Knights Templar treasure: a primary source


Are you reasonably well read in modern Templar research? Then you probably have heard about 18 ships leaving the port of La Rochelle on the eve of the arrests in France. This story is supposed to be almost the only piece of evidence regarding the fate of the Order’s treasures and it comes from the records of the trials. Numerous books repeat this account as their authors struggle with the question of where the Templar fleet went from La Rochelle. I will give you examples from very different writers.

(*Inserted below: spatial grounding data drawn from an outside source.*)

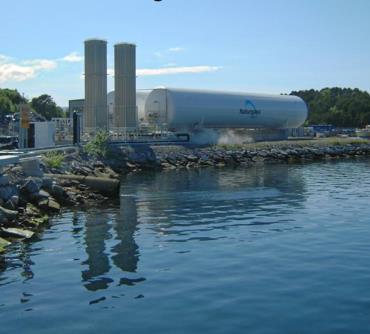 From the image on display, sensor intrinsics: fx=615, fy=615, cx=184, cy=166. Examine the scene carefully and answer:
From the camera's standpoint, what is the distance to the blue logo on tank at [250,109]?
→ 73.8 metres

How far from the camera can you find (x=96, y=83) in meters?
64.6

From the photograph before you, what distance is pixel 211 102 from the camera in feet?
228

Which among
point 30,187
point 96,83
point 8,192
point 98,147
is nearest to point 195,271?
point 8,192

The most commonly touted escape route of the Knights has long been claimed to be the port city of La Rochelle, about 300 miles from Paris. During the trials, Jean de Chalon testified that Gerard de Villiers, Preceptor of the Paris temple, had fled the country with 50 horses and 18 ships. The Templars did indeed have ships, but again, surely someone on the king’s side, privy to the arrest order, would have noticed streams of Templars making their way to La Rochelle, as well as unusual activity on the docks around the Templar
ships. There is no record of such a mass exodus.

Christopher Hodapp, ‎Alice Von Kannon. The Templar Code For Dummies.

Although all this frustrated Philip, his greatest frustration was the disappearance of the treasure from the Paris Temple Bank. It had reportedly been loaded on a wagon train that raced for the port of La Rochelle. There the treasure was placed aboard the Templar fleet, again flying the skull and crossbones, from which it disappeared once more.

Steven Sora. Secret Societies of America’s Elite. From the Knights Templar to Skull and Bones.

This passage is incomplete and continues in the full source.